Songs have their own sentimental charge, which is independent of the support - this is demonstrated by the fact that today, in the historical moment in which the de facto support has just disappeared, music is among us even with greater strength and centrality. 

But the technological choice to rely on CDs can be read as typical of its historical period, when, at a certain point, towards the end of the last century, something that I would call a technological fideism and imagined that he ruled the world.

So where is the problem?

What was the problem then? A certain widespread dehumanization of relationships, including that with objects, mediated by technology. A leap forward, admirable in its aspirations for renewal, but not supported by the intellectual skills to best manage it. 
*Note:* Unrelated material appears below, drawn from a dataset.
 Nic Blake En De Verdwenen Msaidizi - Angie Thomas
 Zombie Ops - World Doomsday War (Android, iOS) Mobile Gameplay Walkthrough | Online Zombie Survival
The culture industry that suddenly found itself enveloped by the dictatorship of bits without possessing the tools to master it. 

So when the major record companies decided to convert their customers to new media, in which we could find more music, more easily usable, images and videos and who knows what else, they didn't realize that something important was missing there. 

The result is the audio-cd, a completely non-affective object perhaps required by the times, but cold and tidy like the dominant logic.

Technology can be inscribed in art

Steve Jobs once stated that his idea of ​​innovation was to preside over a crossroads: the one - he said - between technology and the liberal arts. It is in this fundamental intuition, which no technologist has understood for a couple of decades, the profound reason for Apple's great success. 

Having understood – long before anyone else – that technology alone is not enough, which if it doesn't respond to a need, and in the information society such needs are almost always cultural and complex, is destined to turn into a vacuum cleaner: a tube that sucks something from one point to spit it out in another.

The fundamental question that the technology that produced CDs should have asked itself in those days was: Do certain things prolong you? Unfortunately, however, the liberal arts for a long time, and to some extent even now, have been expelled from reasoning about innovation because they were considered unsuitable and outdated.

Excerpt from: "Wild Trails”, no. 9, 2021, p. 10-14.